§ **Information supplied**:
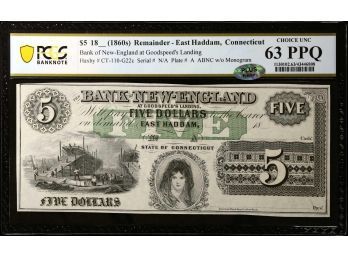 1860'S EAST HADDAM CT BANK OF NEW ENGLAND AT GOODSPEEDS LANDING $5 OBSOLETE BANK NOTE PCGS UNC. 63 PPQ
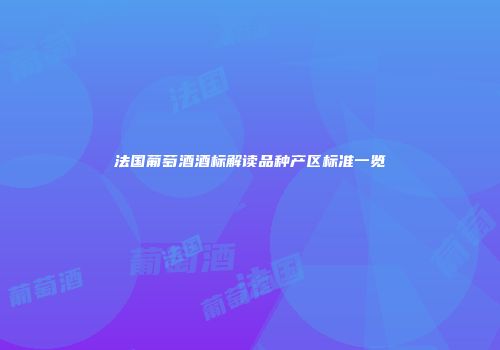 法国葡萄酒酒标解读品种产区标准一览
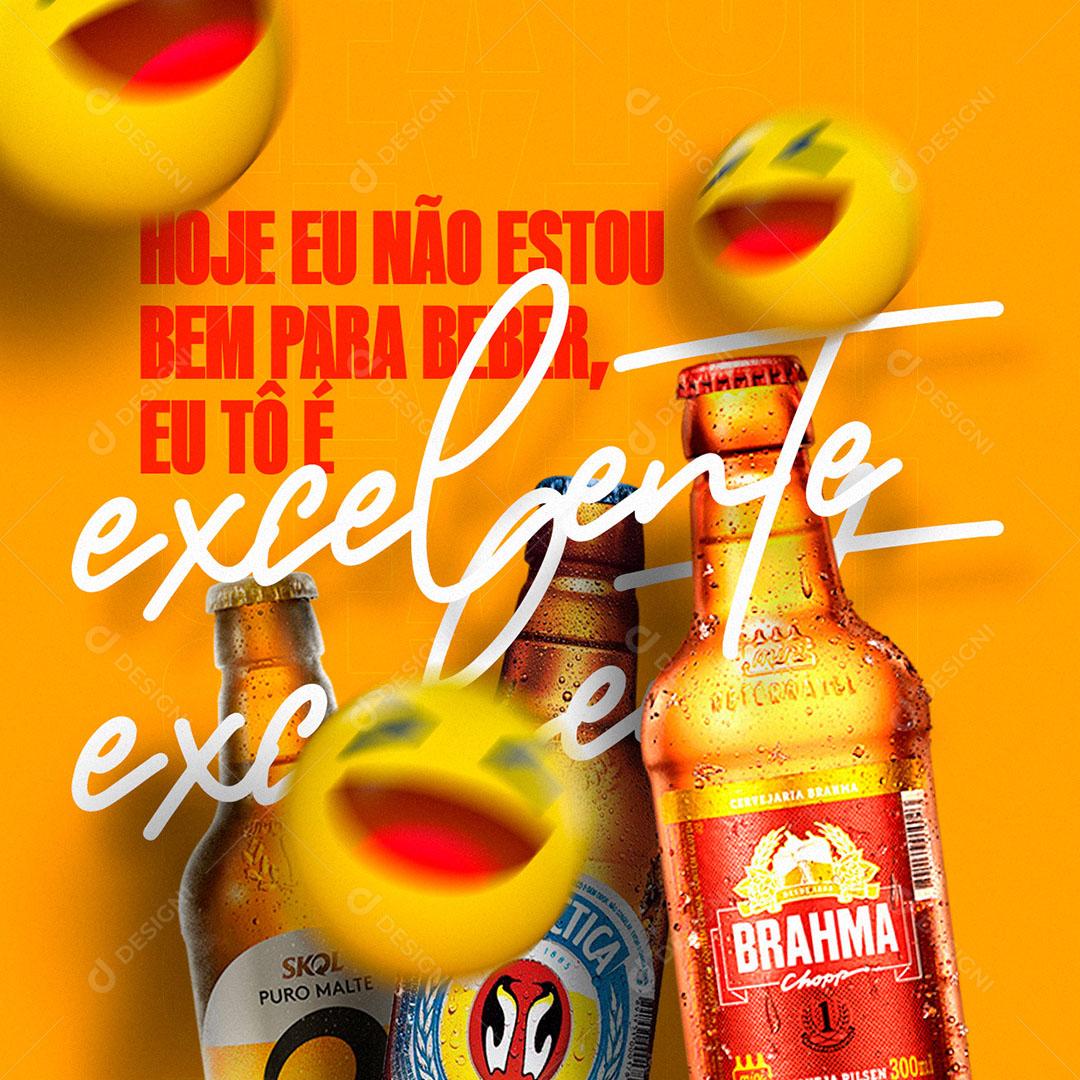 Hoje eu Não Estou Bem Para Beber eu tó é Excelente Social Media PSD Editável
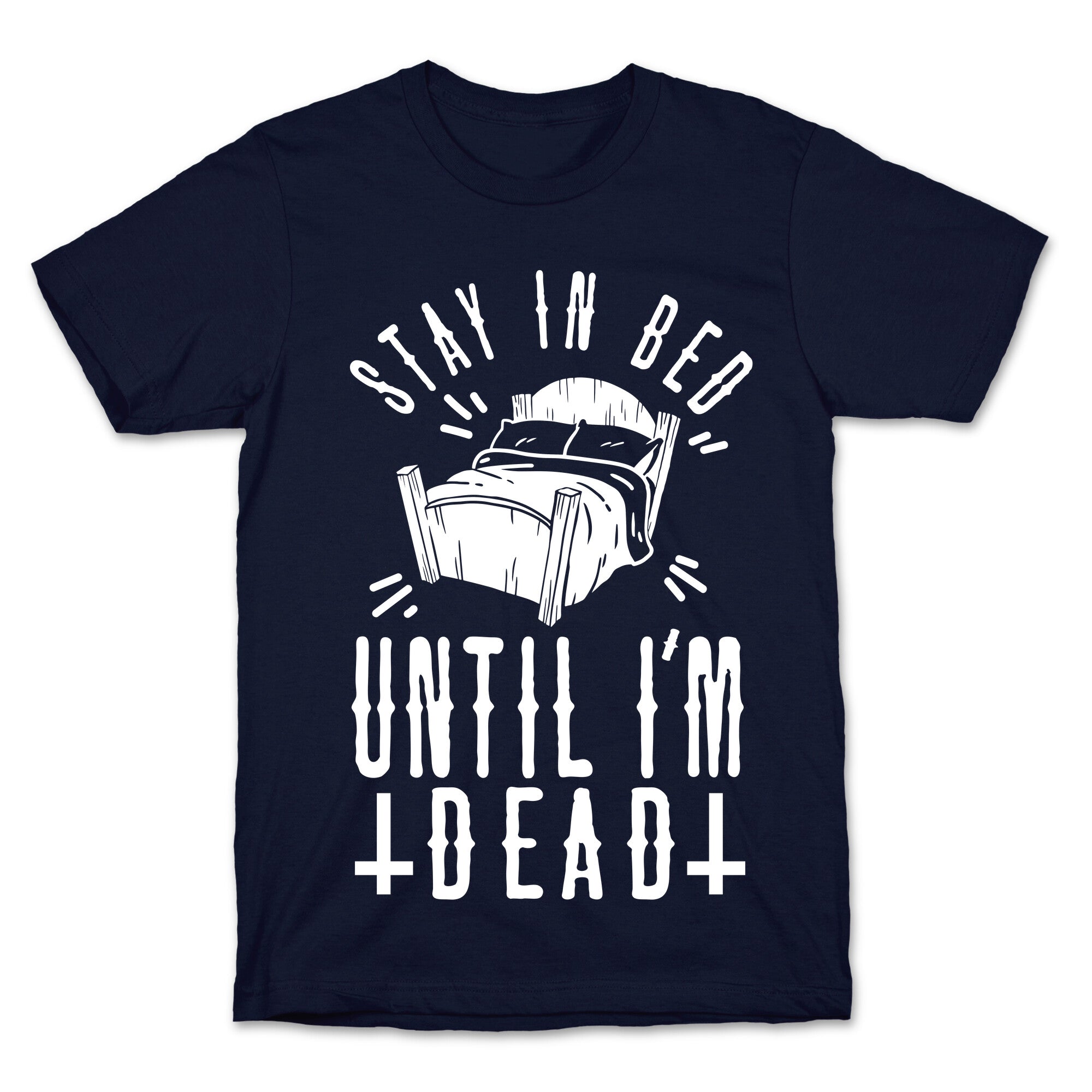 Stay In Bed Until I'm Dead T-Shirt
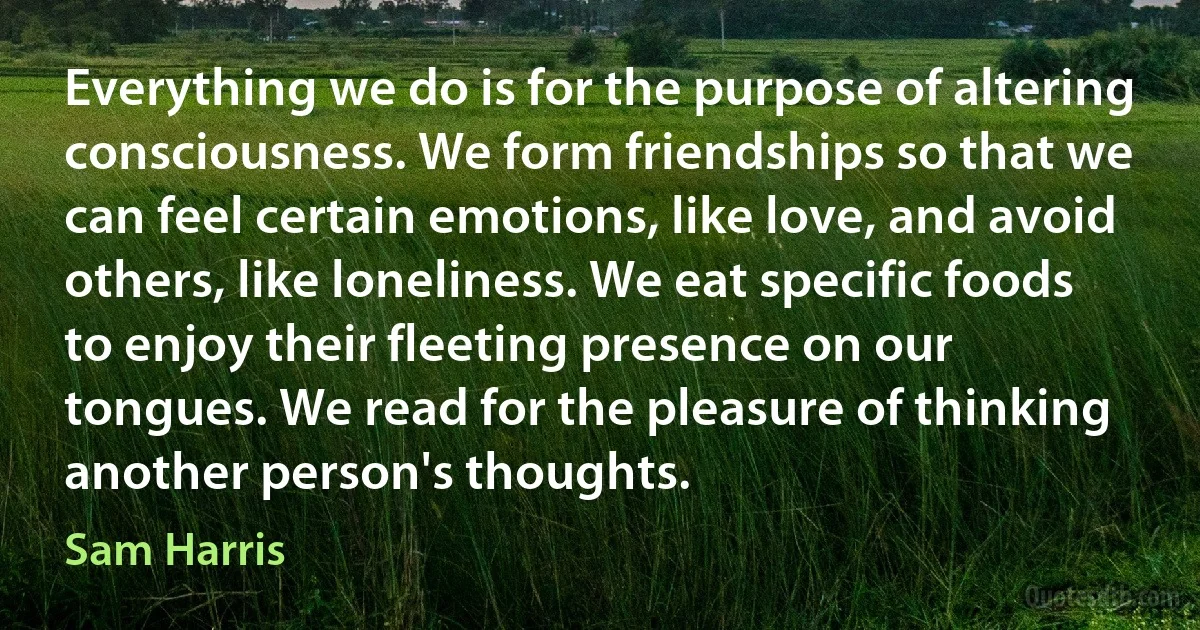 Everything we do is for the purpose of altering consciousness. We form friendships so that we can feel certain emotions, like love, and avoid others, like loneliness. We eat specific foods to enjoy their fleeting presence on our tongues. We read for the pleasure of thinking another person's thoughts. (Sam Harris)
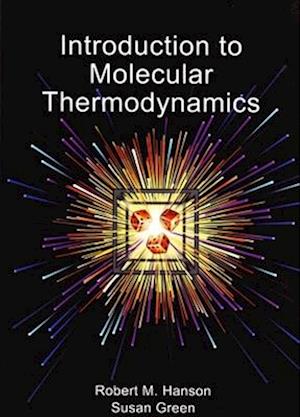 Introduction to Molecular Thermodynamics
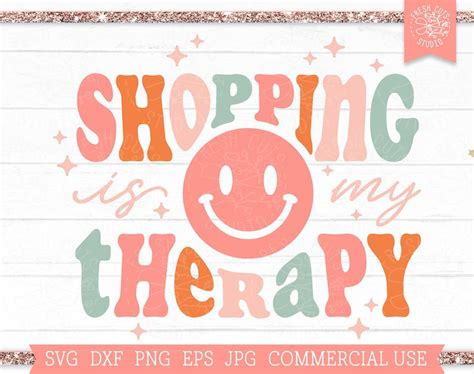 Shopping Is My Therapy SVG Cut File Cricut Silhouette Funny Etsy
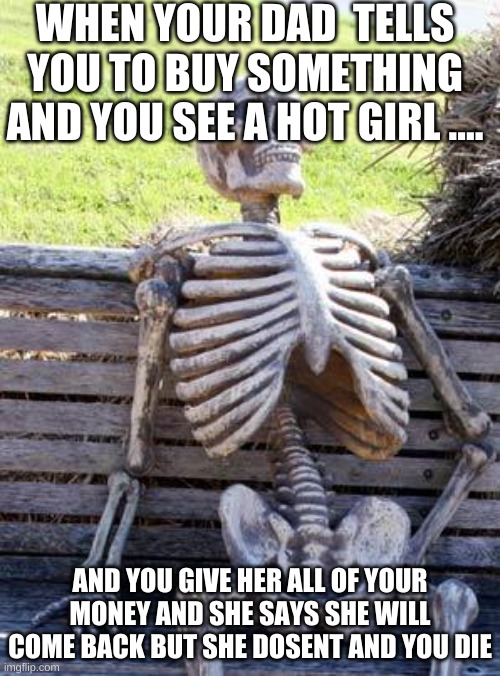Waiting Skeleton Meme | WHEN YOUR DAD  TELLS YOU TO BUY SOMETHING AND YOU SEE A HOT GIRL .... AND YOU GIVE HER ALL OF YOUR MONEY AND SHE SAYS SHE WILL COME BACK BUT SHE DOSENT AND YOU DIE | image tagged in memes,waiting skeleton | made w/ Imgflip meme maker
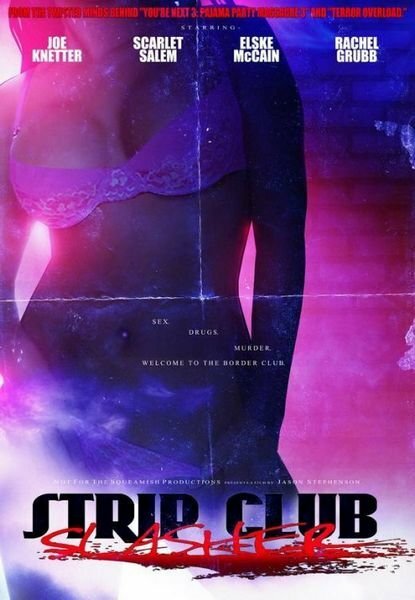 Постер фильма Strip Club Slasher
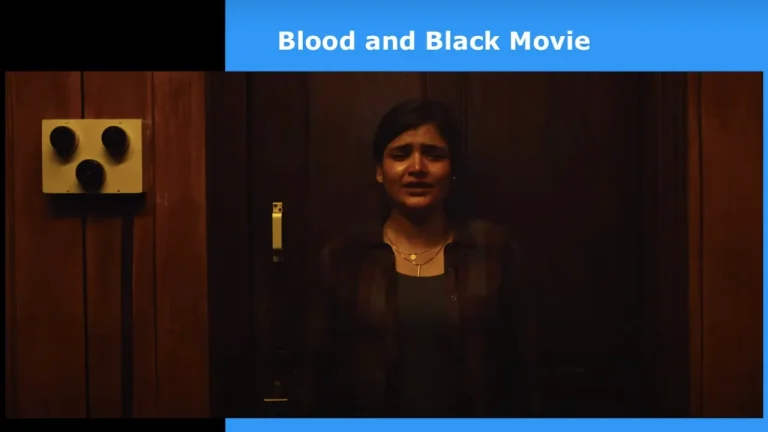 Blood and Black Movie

§ **What is required**: Repeat only the lines from the one holding "Waiting Skeleton Meme" through the last line of the data, inclusive. Keep the pictures out.

§ **Worked solution**:
Waiting Skeleton Meme | WHEN YOUR DAD  TELLS YOU TO BUY SOMETHING AND YOU SEE A HOT GIRL .... AND YOU GIVE HER ALL OF YOUR MONEY AND SHE SAYS SHE WILL COME BACK BUT SHE DOSENT AND YOU DIE | image tagged in memes,waiting skeleton | made w/ Imgflip meme maker
 Постер фильма Strip Club Slasher
 Blood and Black Movie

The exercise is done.